Projeto que libera agrotóxicos
viola direitos humanos e está senco imposto, sem debate algum. Que diriam
Drummond e Konrad Hesse sobre tal farsa?
Gustavo Freire Barbosa | Outras
Palavras
“Por direito à alimentação
entende-se o direito de todo o ser humano a ter um acesso regular a uma
alimentação suficiente, adequada no plano nutricional e culturalmente
aceitável, para ter uma vida sã e ativa”. É desta forma que a Organização das
Nações Unidas para Alimentação e Agricultura – FAO -, define o direito à
alimentação, deixando claro que comer adequadamente abrange tanto a dimensão
quantitativa – comer o suficiente para ficar em pé – como a qualitativa –
consumir alimentos que não causem danos à saúde.
Os direitos humanos são
geralmente definidos como a expressão do núcleo inegociável da dignidade
humana, decorrendo tão somente do fato de seus portadores e portadoras se
enquadrarem no gênero humano independente de nacionalidade, cor, gênero e
orientação sexual.
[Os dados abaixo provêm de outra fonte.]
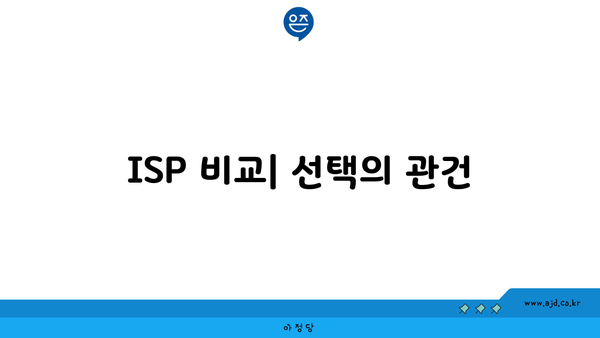 ISP 비교| 선택의 관건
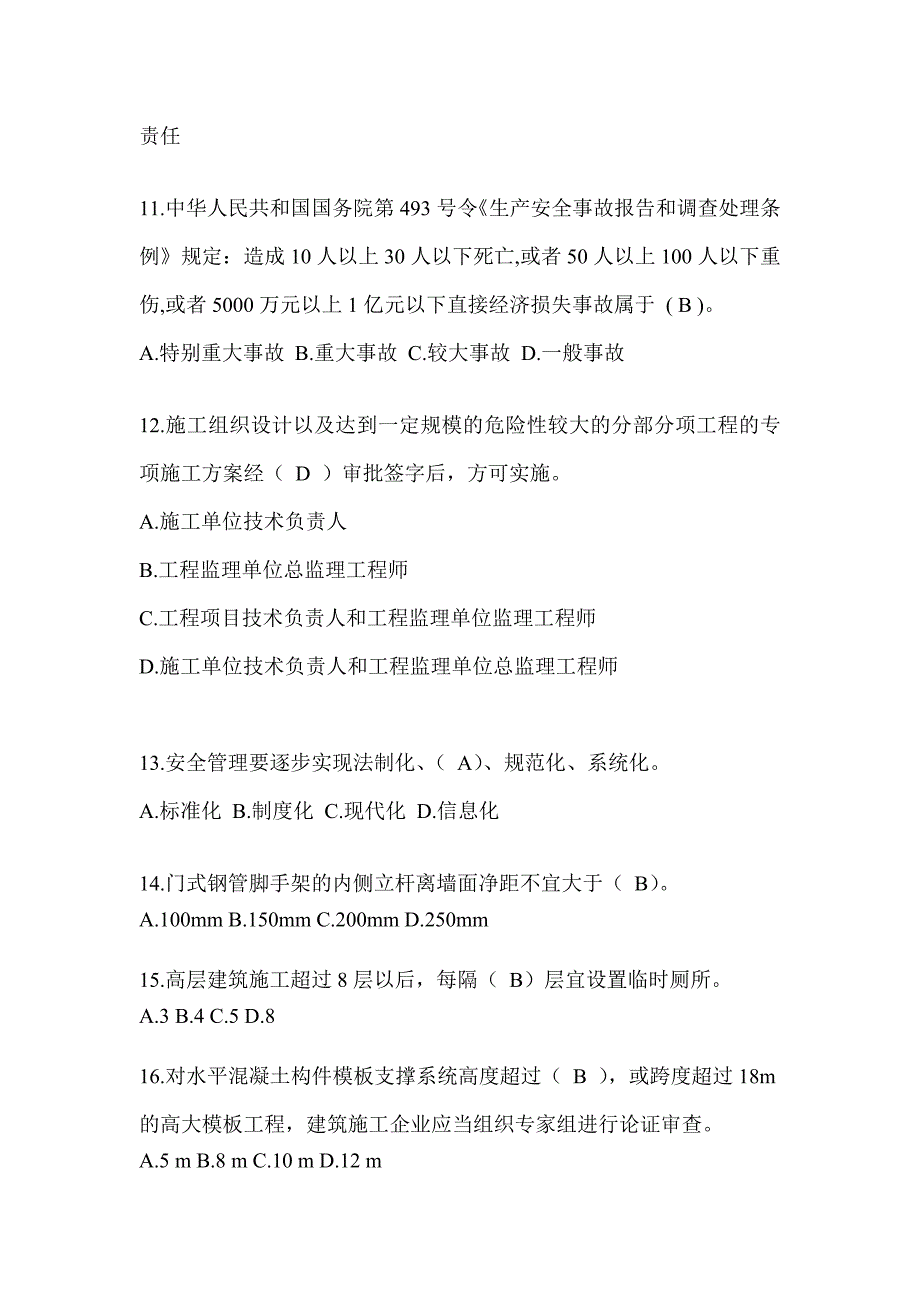 2024河北建筑安全员C证（专职安全员）考试题库_第3页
Basta, portanto, ser gente para que se possa
reivindicá-los.
As lutas por direitos humanos se
confundem com as conquistas civilizatórias que consagram seu reconhecimento em
nível institucional. Não por menos, uma de suas características é exatamente a
historicidade, ou o fato de serem reconhecidos na esteira das lutas históricas.
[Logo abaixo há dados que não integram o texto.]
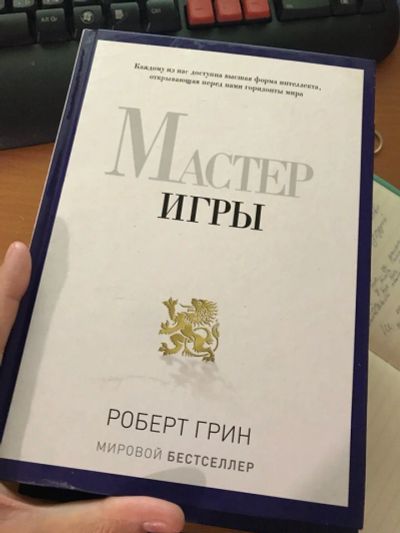Лот: 12099786. Фото: 1. Книга "Мастер Игры" Роберт Грин. Психология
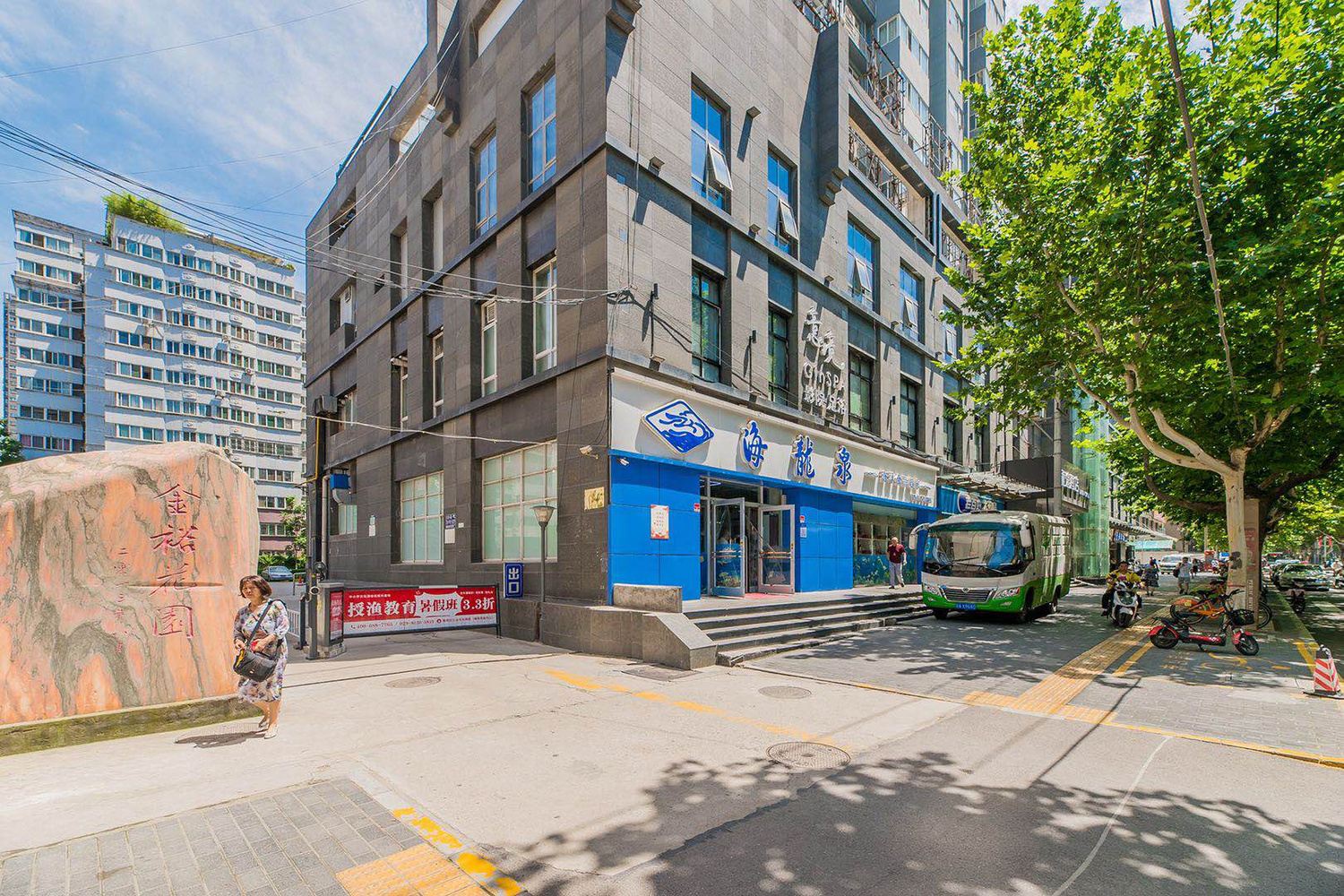 西安恬静小筑(6号店)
Da liberdade de expressão ao direito à moradia. Da liberdade de associação ao
próprio direito à alimentação.
O que dizer, então, da recente
aprovação por comissão especial da Câmara dos Deputados de projeto de lei que
libera ainda mais a utilização de agrotóxicos? Note-se que o fato de instituições
como a Fundação Oswaldo Cruz (FIOCRUZ), a Sociedade Brasileira Para o Progresso
da Ciência (SBPC), o Ministério Público Federal, o IBAMA, a ANVISA, o Instituto
Nacional do Câncer (INCA) e a ONU terem se posicionado categoricamente contra a
aprovação do projeto não foi suficiente para sensibilizar os congressistas a
zelar pelo direito humano à alimentação adequada, consagrado não apenas pelas
Nações Unidas, mas também pela própria Constituição em seu artigo 6º.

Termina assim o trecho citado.